> Supplied information:
================================

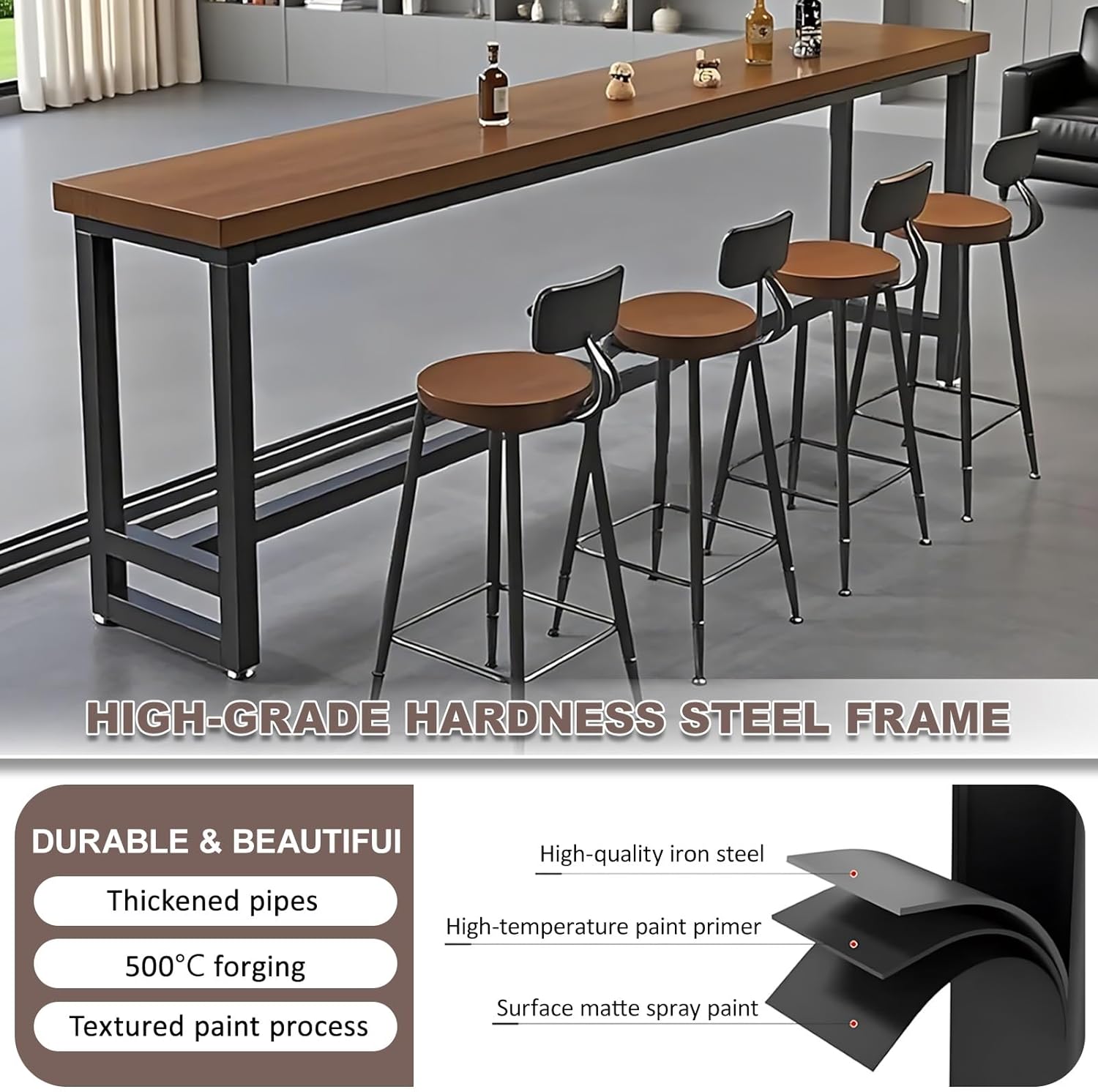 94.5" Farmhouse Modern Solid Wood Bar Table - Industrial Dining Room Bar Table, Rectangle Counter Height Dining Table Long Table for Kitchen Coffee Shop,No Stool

================================

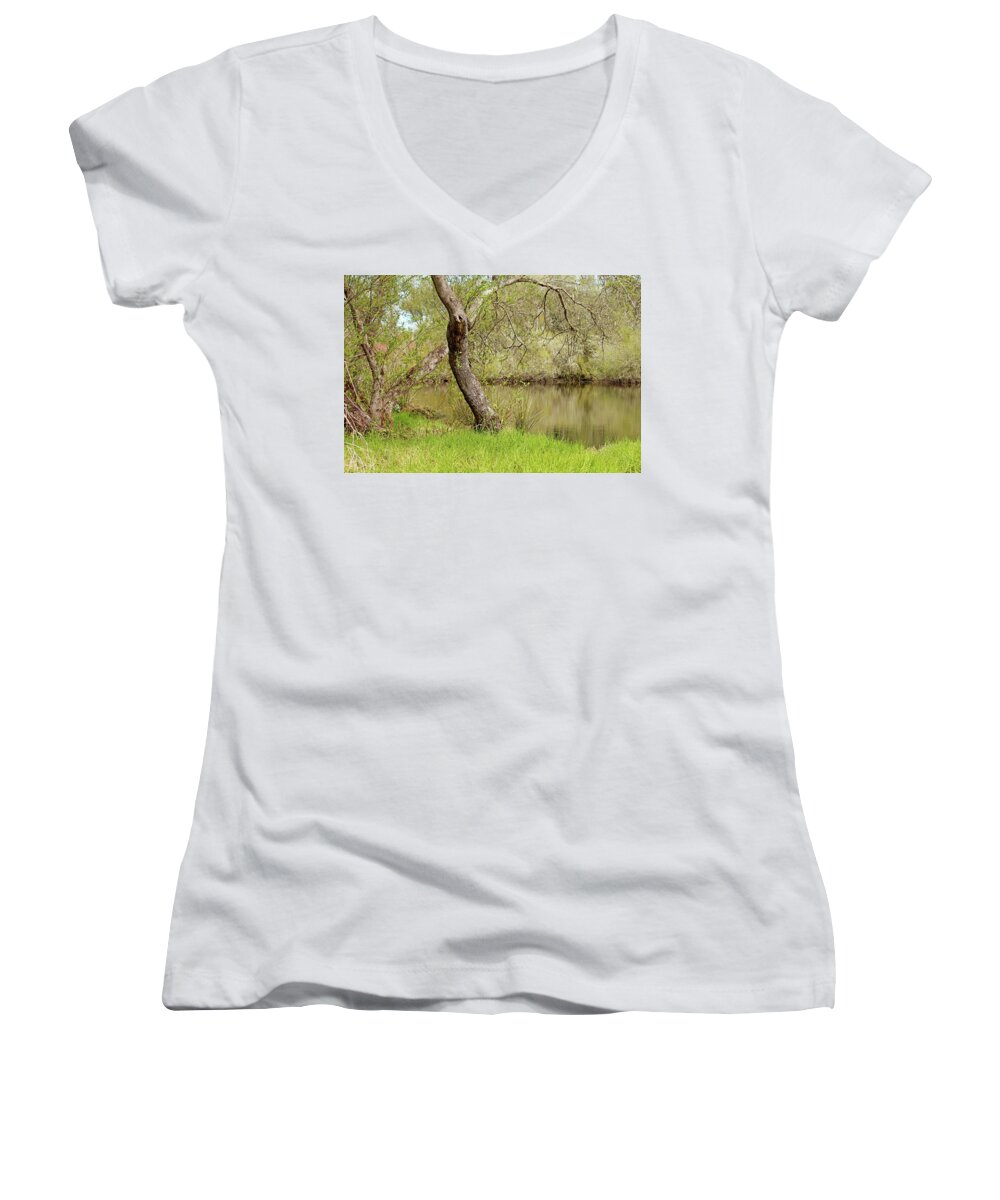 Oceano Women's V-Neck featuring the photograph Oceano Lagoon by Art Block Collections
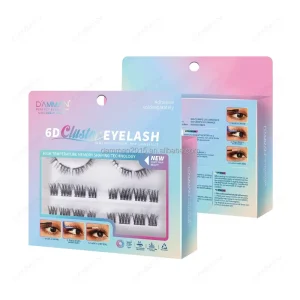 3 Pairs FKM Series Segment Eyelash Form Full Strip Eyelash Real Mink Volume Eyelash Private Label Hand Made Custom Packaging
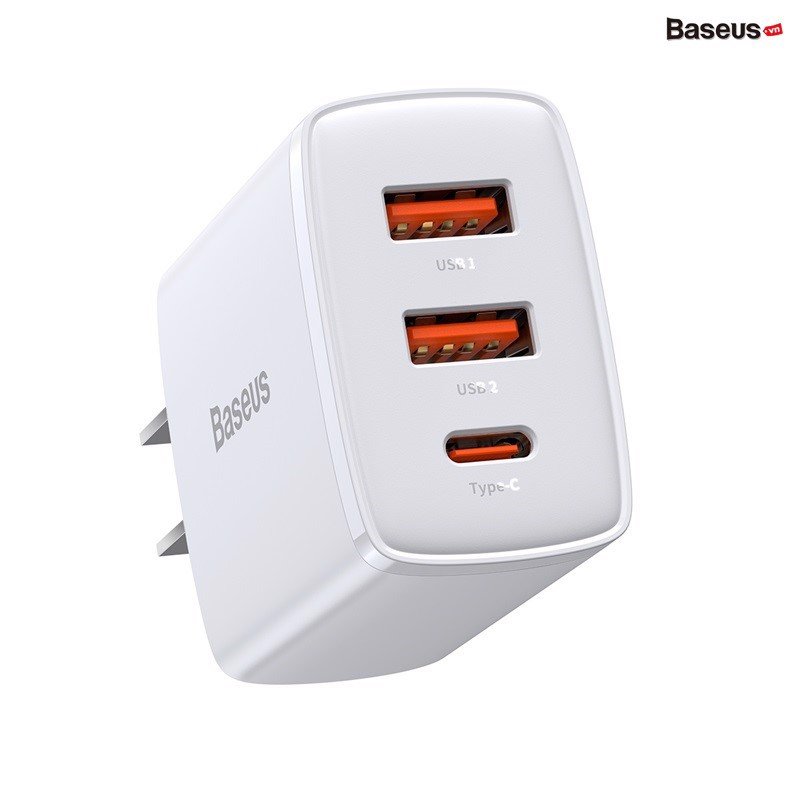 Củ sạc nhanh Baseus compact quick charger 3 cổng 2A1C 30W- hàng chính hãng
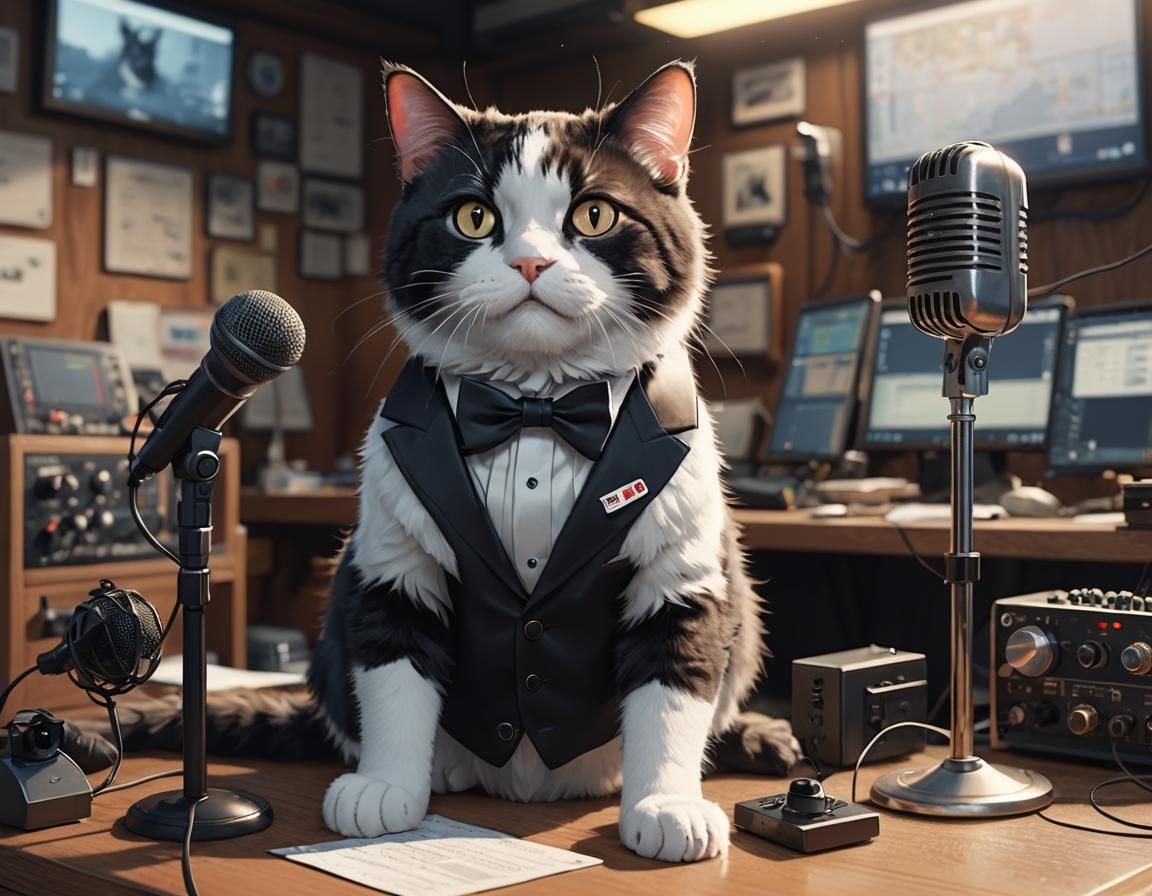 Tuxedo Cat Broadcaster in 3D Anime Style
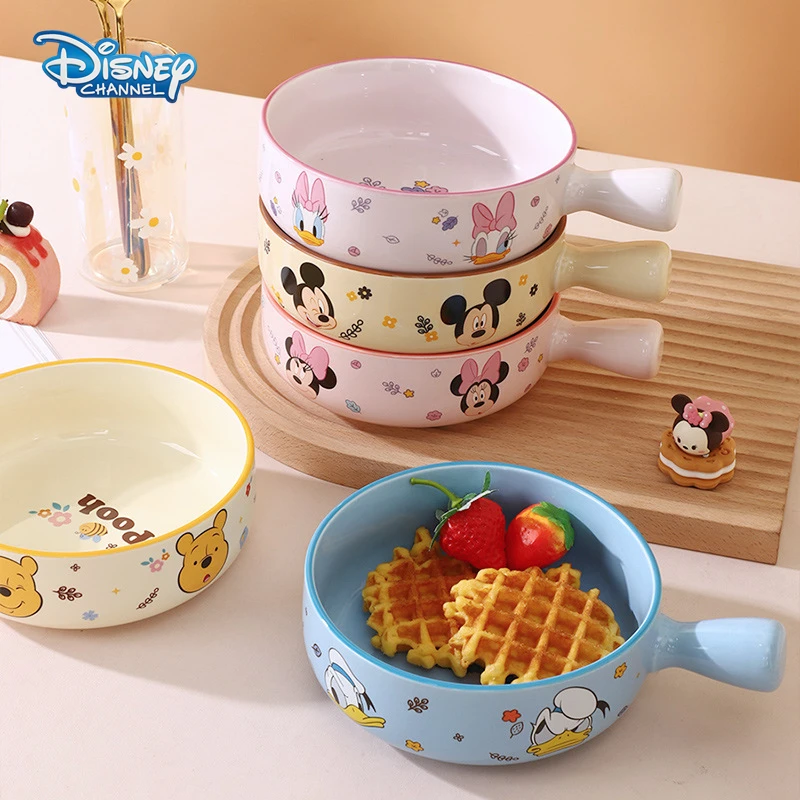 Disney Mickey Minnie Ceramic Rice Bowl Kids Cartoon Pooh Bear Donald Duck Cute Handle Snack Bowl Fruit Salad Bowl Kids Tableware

================================

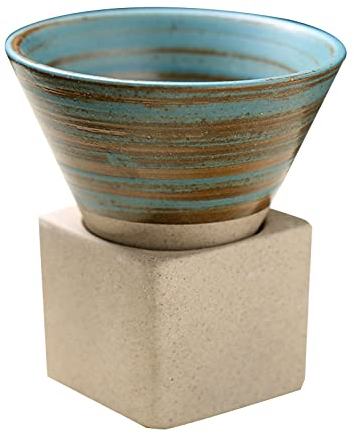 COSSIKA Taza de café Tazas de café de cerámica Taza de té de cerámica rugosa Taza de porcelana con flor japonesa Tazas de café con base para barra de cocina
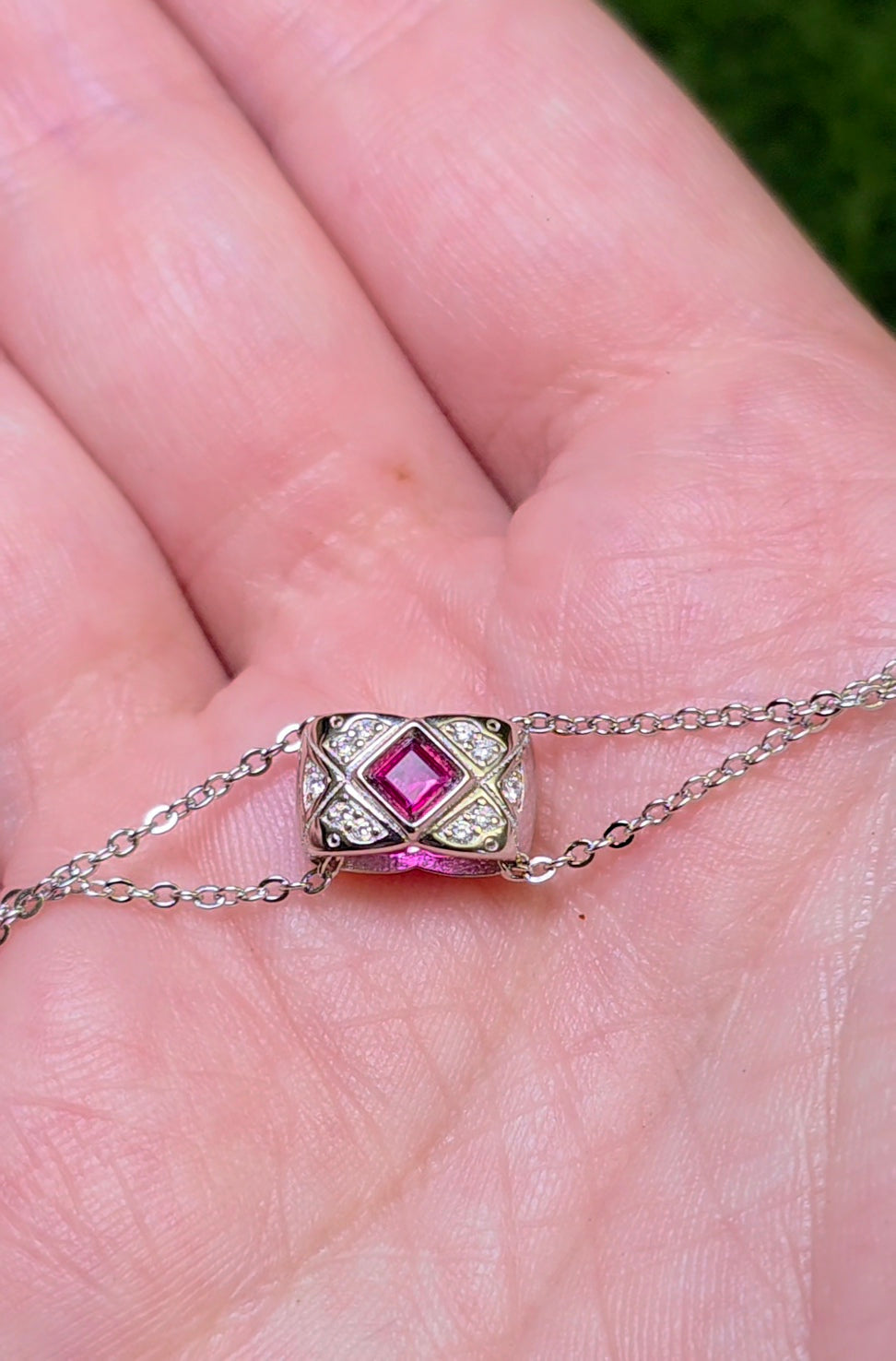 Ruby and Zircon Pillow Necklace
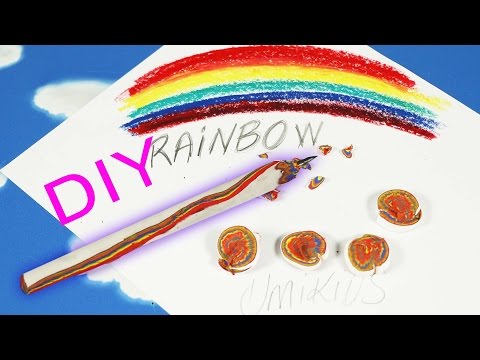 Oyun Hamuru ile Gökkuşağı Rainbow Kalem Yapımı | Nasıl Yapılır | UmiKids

================================

> What you have to do: With the pictures removed, print only the lines starting at the line that has "3 Pairs FKM" and ending at the line that has "Disney Mickey Minnie", both ends included, exactly as they stand above.

> The answer:
 3 Pairs FKM Series Segment Eyelash Form Full Strip Eyelash Real Mink Volume Eyelash Private Label Hand Made Custom Packaging
 Củ sạc nhanh Baseus compact quick charger 3 cổng 2A1C 30W- hàng chính hãng
 Tuxedo Cat Broadcaster in 3D Anime Style
 Disney Mickey Minnie Ceramic Rice Bowl Kids Cartoon Pooh Bear Donald Duck Cute Handle Snack Bowl Fruit Salad Bowl Kids Tableware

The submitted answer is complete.